May 2024 Legislative Update
As you read this, you are either desperately trying to complete your CPD hours for the 2023-2024 cycle (not again!) or are realising just how stressful it could have been…
There are numerous changes the financial services industry will have to implement over the next few months as detailed below, so make sure you take a look to keep up to date.
THE FINANCIAL SECTOR CONDUCT AUTHORITY (FSCA)
Continuous Professional Development (CPD)
If you’ve left it a bit late, you may still have a few hours to complete your CPD hours before the 31 May deadline. Remember to record them in your financial service provider’s (FSP’s) Competence Register by 15 June, but make sure to get them done before time runs out!
2024 Financial Statements Submission
Since the majority of FSPs have a February year end, they are due to submit their financial statements to the FSCA four months after year end – so by 30 June.
Many FSPs have already submitted, but it is likely there will be a bottle neck given the volume and the new requirement that statements may only be submitted electronically. We would recommend FSPs aim to submit a little earlier this year.
As usual, we will submit the financial statements on behalf of our clients.
More unrealistic crypto asset return warnings
In the seemingly endless stream of entities and persons abusing consumers naïveté when it comes to crypto assets, another warning has been released regarding a group calling itself “Coin Max” purporting to be associated with Bybit FTZE. As much as Bybit FTZE has submitted an application for approval as a Crypto Asset Services Provider and is permitted to continue trading, it is not linked to Coin Max. As usual, Coin Max is offering unrealistic returns.
Scammers impersonate the FSCA
In one of the most brazen cases we have seen, scammers are impersonating one of the FSCA’s staff members, contacting members of the public and requesting that they pay over funds so that their investment monies will be released. It seems the scammers are aware of the FSCA’s investigations and are targeting the victims of the scams!
A warning about an alternate investment provider
Another warning about an entity calling itself RNI Aquaculture which offers unlicensed financial services through YouTube, TikTok, and Facebook.

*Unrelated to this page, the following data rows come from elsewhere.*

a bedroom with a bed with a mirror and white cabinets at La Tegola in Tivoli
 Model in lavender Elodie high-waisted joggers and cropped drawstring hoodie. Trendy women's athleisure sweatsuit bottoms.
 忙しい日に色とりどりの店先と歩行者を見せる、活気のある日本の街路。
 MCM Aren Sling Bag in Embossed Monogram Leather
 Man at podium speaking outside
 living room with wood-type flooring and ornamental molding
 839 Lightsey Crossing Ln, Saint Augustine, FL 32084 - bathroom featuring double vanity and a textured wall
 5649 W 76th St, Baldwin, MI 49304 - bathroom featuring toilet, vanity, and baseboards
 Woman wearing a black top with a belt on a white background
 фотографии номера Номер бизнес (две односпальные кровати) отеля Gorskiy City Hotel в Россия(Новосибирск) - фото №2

… and one impersonating SpaceX
This warning is about individuals using the Facebook pages SpaceX Investment and SpaceX-Shares-Investment to offer members of the public investment products while promising unrealistic returns. Of importance is the fact that the entities are not authorised FSPs as required.
The FSCA has clearly noted the prevalence of online scams and that South Africans lose millions of rands every year to fraudsters. Illegal operations are often well-disguised as legitimate operations.
The FSCA expanded on the usual warning by reminding consumers and investors that they should not accept any financial advice, assistance, or investment offers from persons who are not authorised by the FSCA to conduct financial services to avoid becoming a victim of a scam.
Authorised financial services providers must display the fact that they are authorised on their documentation. The public is advised to be on the lookout for danger signs when dealing with persons offering attractive investment opportunities. These red flags include unrealistic returns, claims that the entity or person is not required to hold a FAIS licence, and vague information about the investment product. The FSCA also advised the public to take care when dealing with entities offering financial products on social media platforms as the platforms are popular locations for illegal operations and scams.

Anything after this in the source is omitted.